Use the GPU Hotspots analysis to:
Identify how effectively your application uses OpenCL kernels (for Linux* and Window* targets only)
Analyze execution of Intel Media SDK tasks over time (for Linux targets only)
Explore GPU usage and analyze a software queue for GPU engines at each moment of time
Explore the performance of your application per selected GPU metrics over time
To run the GPU Hotspots analysis, explore:
Configuration options (knobs)
To view configuration options for the GPU Hotspots analysis:
Click the New Analysis toolbar button.
The Analysis Type window opens.
From the left pane, select Platform Analysis > GPU Hotspots.
The GPU Hotspots configuration pane opens on the right displaying editable and predefined collection options for this analysis.
The GPU Hotspots analysis is pre-configured to collect GPU usage data, analyze GPU task scheduling and identify whether your application is CPU or GPU bound.
Configure the following GPU analysis options:
Option |
Description |
Supported Target System |
Supported Graphics |
---|---|---|---|
GPU sampling internal, ms field |
Specify an interval between GPU samples. |
All |
All |
Analyze Processor Graphics hardware events |
Monitor the Render and GPGPU engine usage, identify which parts of the engine are loaded, and correlate GPU and CPU data. VTune Amplifier provides platform-specific presets of the hardware metrics.
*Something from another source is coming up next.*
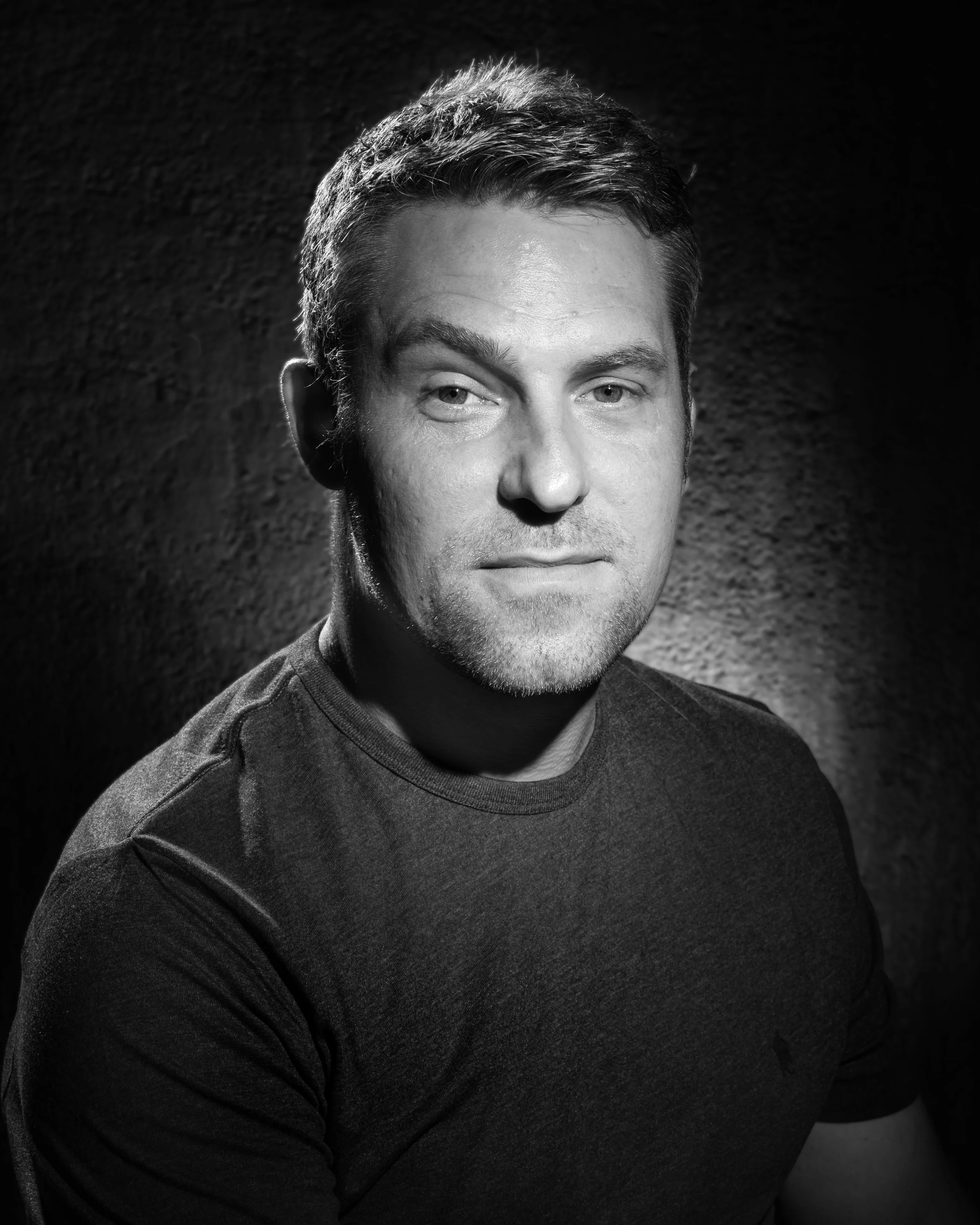 Studio portrait of actor Anthony Hayes in dramatic low-key black and white lighting, facing forward with a neutral expression.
All presets collect data about execution units (EUs) activity: EU Array Active, EU Array Stalled, EU Array Idle, Computing Threads Started, and Core Frequency.
|
Windows*, Linux* (see the prerequisites above) and Android* |
Intel® HD Graphics and Intel® Iris™ Graphics only (further: Intel Graphics) |
Trace OpenCL and Intel Media SDK programs |
Explore execution time for runtimes, monitor performance of each program per GPU metrics and identify hotspots. |
OpenCL kernels analysis: Windows and Linux Intel Media SDK program analysis: Linux |
Intel Graphics only |
Select the Collect stacks option to analyze performance and parallelism per execution path.
To run the GPU Hotspots analysis from the command line, enter:
$ amplxe-cl -collect gpu-hotspots [-knob <knob_name=knob_option>] -- <target> [target_options]
You may generate the command line for this configuration using the Command Line... button at the bottom.
VTune Amplifier runs the analysis and opens the data in the GPU Hotspots viewpoint providing various platform data in the following windows:
Summary window displays overall and per-engine GPU usage, percentage of time the EUs were stalled or idle with potential reasons for this, and the hottest GPU computing tasks.
Graphics window displays CPU and GPU usage data per thread and provides an extended list of GPU hardware metrics that help analyze accesses to different types of GPU memory.
Platform window displays overtime data as GPU usage on a software queue, CPU time usage, OpenCL kernels data, and GPU performance per the selected group of GPU hardware metrics, DRAM Bandwidth, and Core Frequency.
Bottom-up window displays hotspot GPU computing tasks in the bottom-up tree, GPU metrics, and, if collected, call stacks.